How’s that for a title? Are you curious now?
Today’s post might get me in trouble, but I’m going there anyway. I do have a few pet peeves when it comes to decorating and since I’ve been learning some of these things myself, it’s only fitting that I share them with you. Believe me, I sure don’t have it all figured out, but I know I’ve gotten better over the years, even just since I’ve been blogging. There’s so much inspiration out there, it’s hard not to hone the creativity.
So, today we’re going to talk about what NOT to do in decorating.
- Stay away from Themes: Now, this one is wide open to interpretation, but for the most part, themes are a no-no and can really date your space. Of course, we’ve all fallen for fads and themes, myself included (I have bunnies in my house), but I’m trying really hard to learn those lessons and not get caught up in theme-y decor.

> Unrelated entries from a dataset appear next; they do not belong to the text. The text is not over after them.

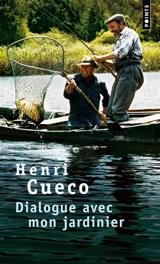 Dialogue avec mon jardinier - Henri Cueco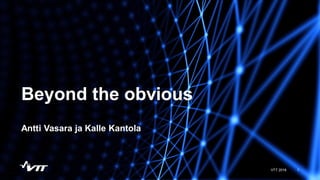 Beyond the obvious
Antti Vasara ja Kalle Kantola
1VTT 2018
 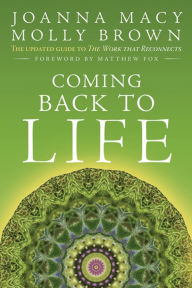 Title: Coming Back to Life: The Updated Guide to the Work that Reconnects, Author: Joanna Macy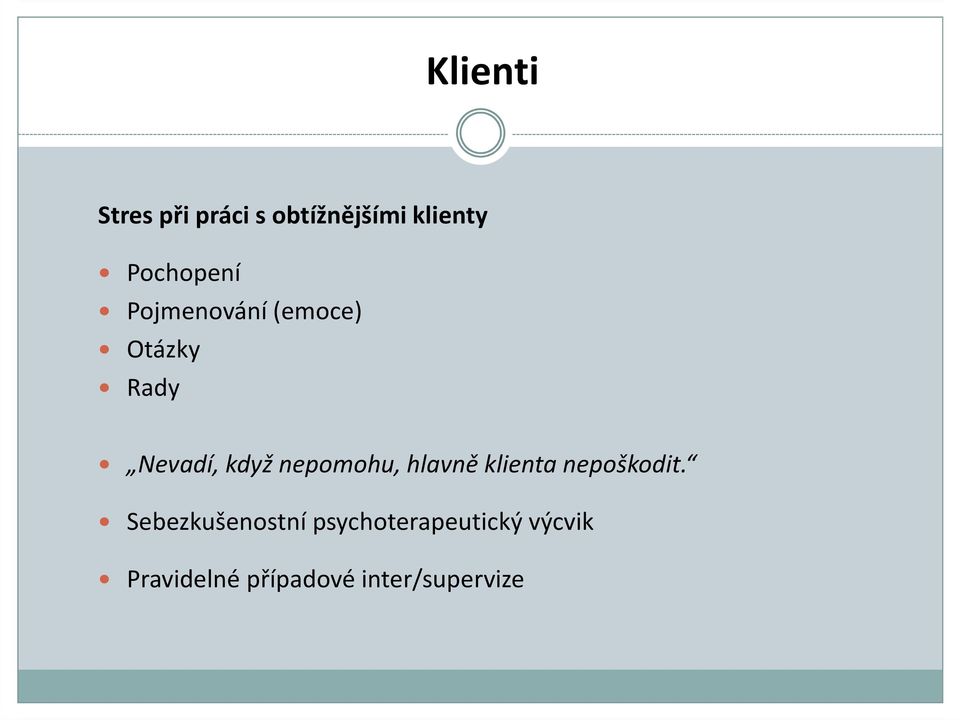 nepomohu, hlavně klienta nepoškodit.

One of the biggest themes of the decade of the 2000’s is Tuscan, as I touched on back in January in this post about the Decade of Design. Now, let me just say, I absolutely LOVE Italy. I spent some time there 20 years ago and have never gotten over it. But, Italy is time worn for a reason. It’s really, really old and the patina that is all over that country just can’t be duplicated very easily.

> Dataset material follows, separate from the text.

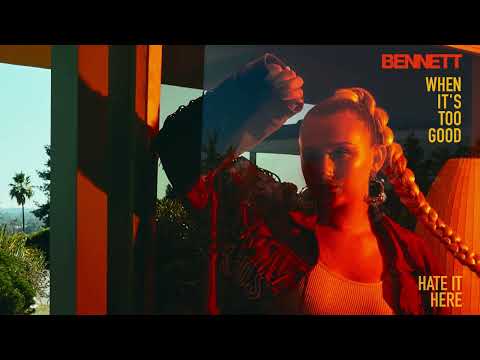 BENNETT - Hate It Here [Official Audio]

Like this, this is a classic building in Italy. Beautiful, time-worn, gorgeous patina. See what I mean?
It seems that in the early 2000’s that everyone was jumping on the European bandwagon, particularly the Tuscan look. Faux finishes and stucco walls were everywhere, along with the earthy colors of Italy. Now, there’s nothing wrong with that, I love it all. In fact, I love homes that are built in the Mediterranean style, they are gorgeous when well thought out architecture is put into a new home and added with integrity.
But, when Tuscan gets mass-produced in China, this is what you get:
Yep, it’s all over the place. Sorry Kirklands, which is where I found almost all of these, don’t mean to knock them, but they aren’t the only culprits, you could duplicate this look at any number of retail establishments. And if you have this all over your house, I’m really not trying to step on your toes, just throwing some things out there to think about.
I beg you, my dear readers, don’t go there. 🙂
The reason I got onto this train of thought is this. I did a consultation recently here in the Birmingham area and the girl that I was helping had a TON of accessories. She just didn’t know what to do with them all. And she had really gone overboard with the Tuscan thing. I don’t think she would mind me mentioning this, since we talked about it at the time and she totally agreed that she was very tired of it all by now. And I know she had invested quite a bit of money into these pieces. So, I used some of what she had and we rearranged some walls and removed some things and moved some of her furniture around and I think she is on the right track now. She was really happy with it all when I left 4 hours later.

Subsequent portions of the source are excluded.